Jamaica redefined as a cultural hotspot.
Meeting at Sandals’ flagship resort in Montego Bay, the route deal was signed by Edmund Bartlett, Jamaica’s tourism minister and Barry Biffle, Frontier’s CEO. The airline’s commercial head, Daniel Shurz, commented:
“We’re thrilled to launch service between Denver and Kingston, the bustling capital city of Jamaica. Kingston is home to an array of fascinating tourism and rich historical sites as well as providing easy access to Jamaica’s stunning mountains and beaches. This new service is in addition to our existing flights to Montego Bay.”
Jamaica’s capital has seen a strong resurgence in tourism in the wake of a campaign by officials to redefine the city as a cultural hotspot, with a thriving arts scene being one of a number of attractions luring more culture-orientated travellers.
Expanding Caribbean operations
The minister also notably gifted the Frontier boss with an autographed copy of a book he co-edited: ‘Tourism Resilience and Recovery for Global Sustainability and Development – Navigating COVID-19 and the Future.’

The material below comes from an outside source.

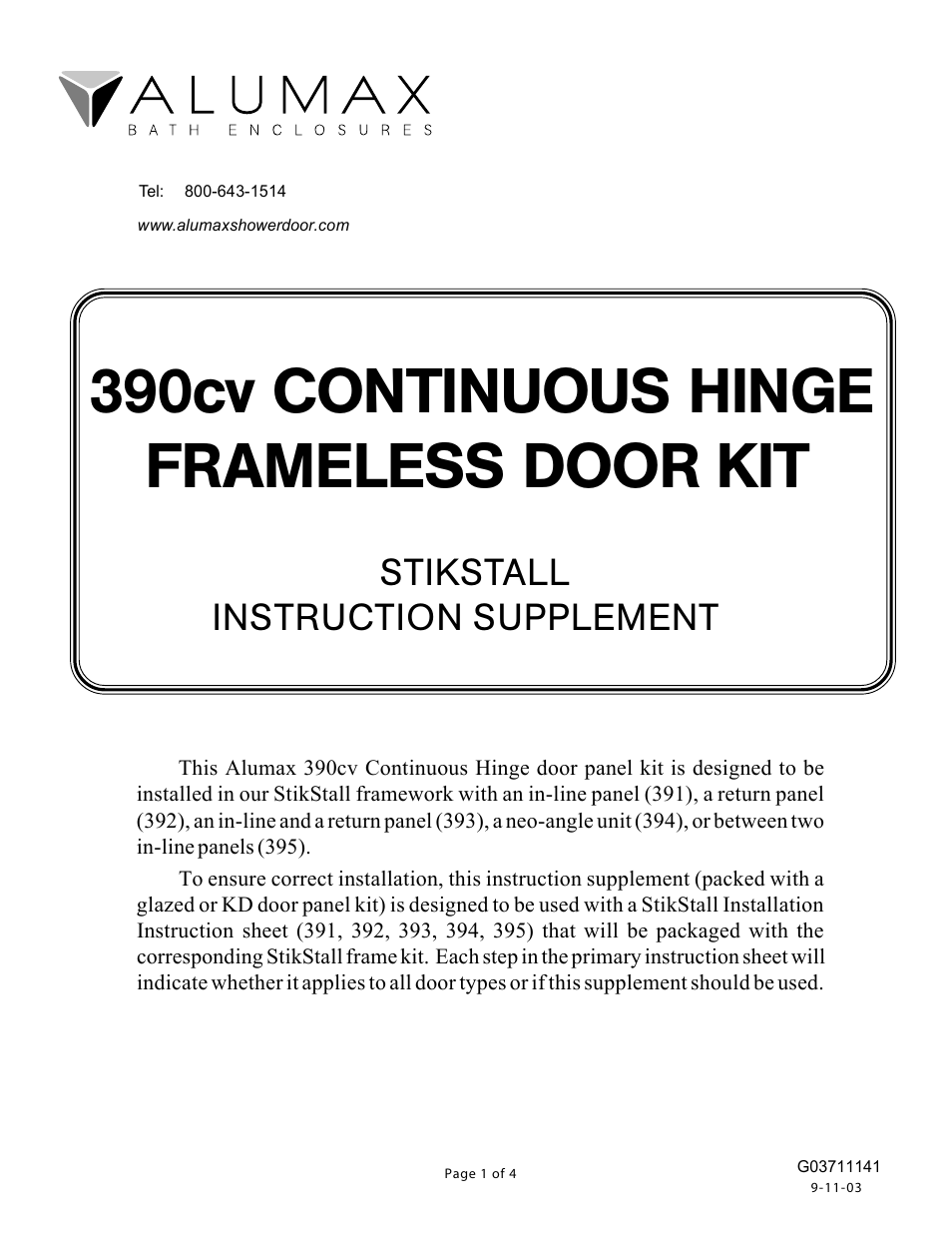 Alumax 390cv Supplement User Manual | 4 pages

Mr Bartlett collaborated on the project with the head of the Global Tourism Resilience & Crisis Management Centre, a Kingston-based body aimed at addressing potential disruptions facing tourism in the Caribbean nation.
The Denver-based airline has been swiftly growing its Caribbean operations over the course of the pandemic, also linking Jamaica with its secondary hub in Miami.
Earlier this year, Frontier announced plans to merge with fellow low-cost rival Spirit Airlines, in what will create the largest airline of its type in North America.